▶ **Task details**
Repeat what the lines below say, word for word, and skip every image.

▶ **Data for the task**
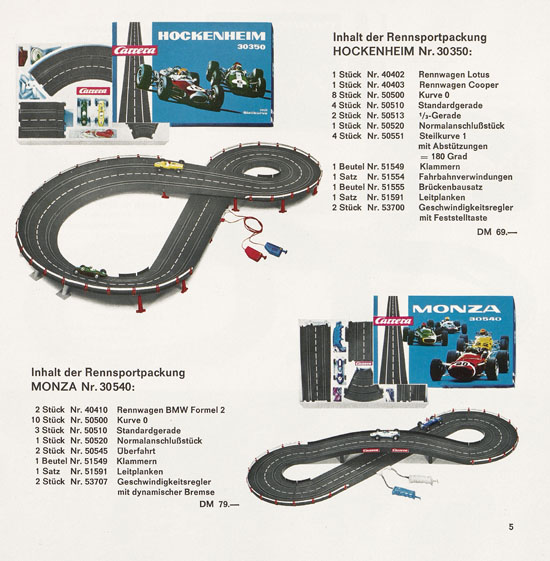 Carrera Katalog 1968-1969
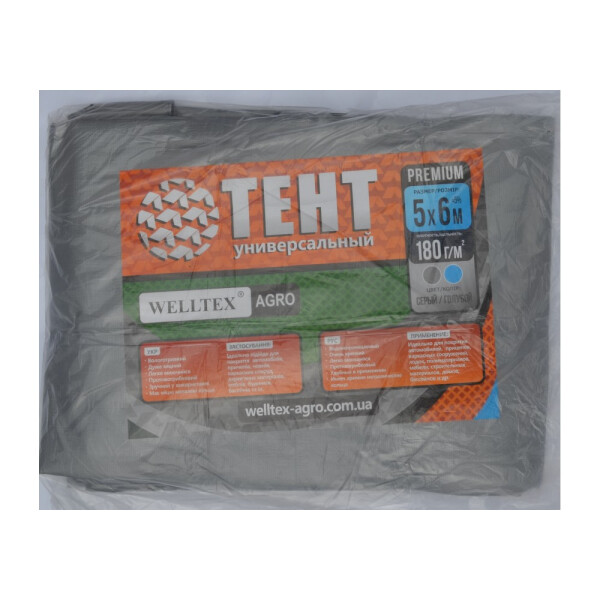 

Welltex-Vaplant tent-180-6x10, тент универсальный - подстилка, плотность 180 г/м2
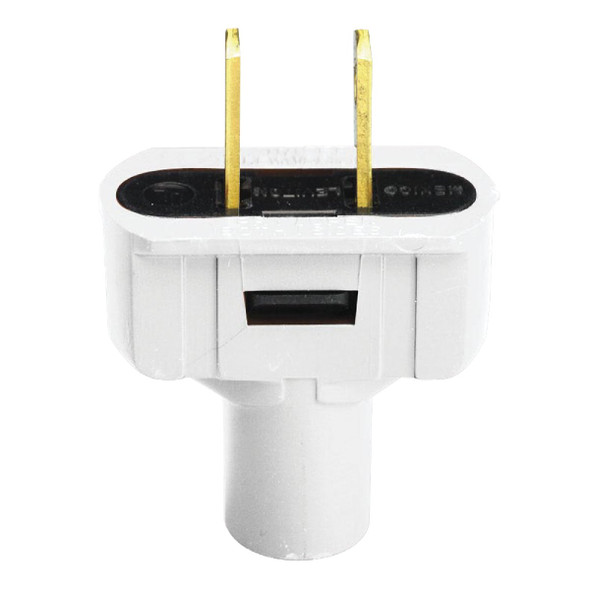 Do it 15A 125V 2-Wire 2-Pole Vinyl Cord Plug, White C22-48643-00W 520403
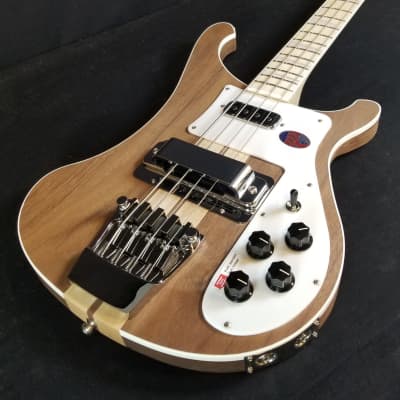 Rickenbacker 4003W Walnut Electric Bass, Maple Neck, Full Inlay, Wired For Stereo, W/Case image 8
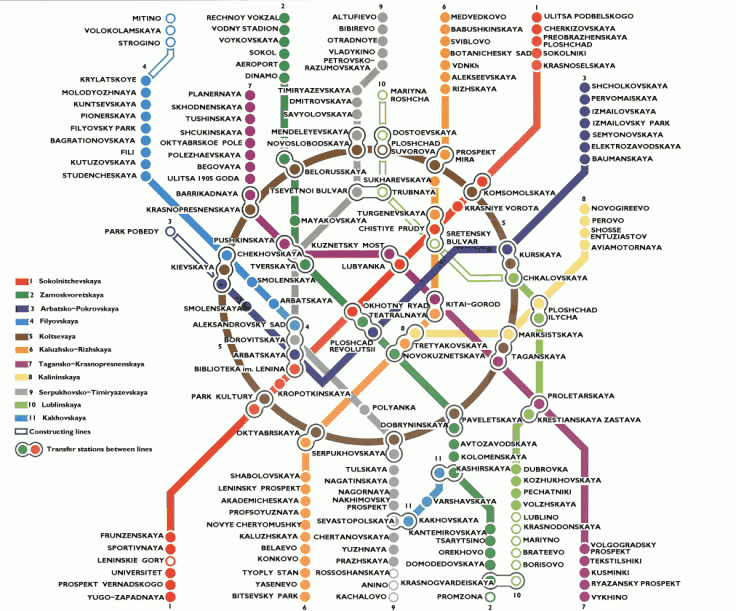 Moscow Metro Map Free Printable Maps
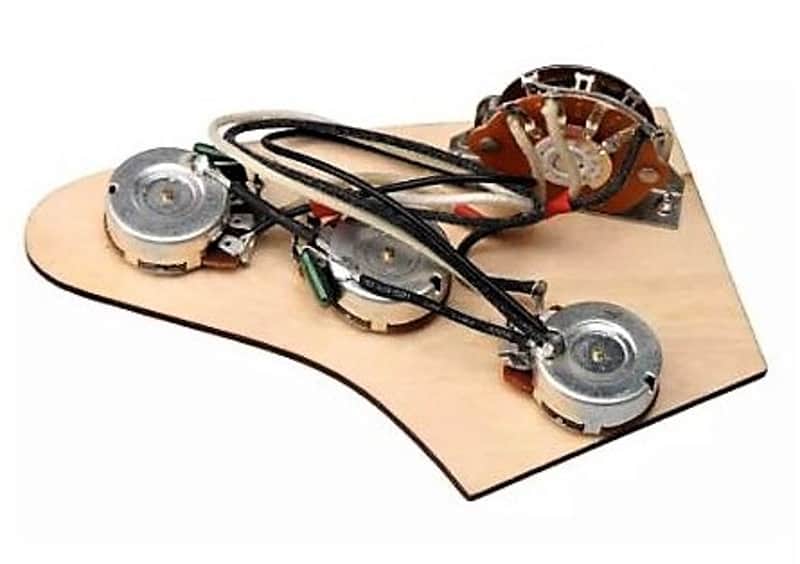Full Alpha Size Potentiometers Guitar Wiring Harness Prewired Kit 5 Way  Switch  for strats image 1
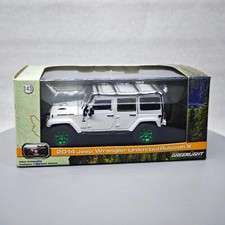 Carro pneu verde Greenlight 1:43 2014 Jeep Wrangler Unlimited Rubicon X comprar usado  Enviando para Brazil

▶ **Exercise solution**
 Carrera Katalog 1968-1969

Welltex-Vaplant tent-180-6x10, тент универсальный - подстилка, плотность 180 г/м2
 Do it 15A 125V 2-Wire 2-Pole Vinyl Cord Plug, White C22-48643-00W 520403
 Rickenbacker 4003W Walnut Electric Bass, Maple Neck, Full Inlay, Wired For Stereo, W/Case image 8
 Moscow Metro Map Free Printable Maps
Full Alpha Size Potentiometers Guitar Wiring Harness Prewired Kit 5 Way  Switch  for strats image 1
 Carro pneu verde Greenlight 1:43 2014 Jeep Wrangler Unlimited Rubicon X comprar usado  Enviando para Brazil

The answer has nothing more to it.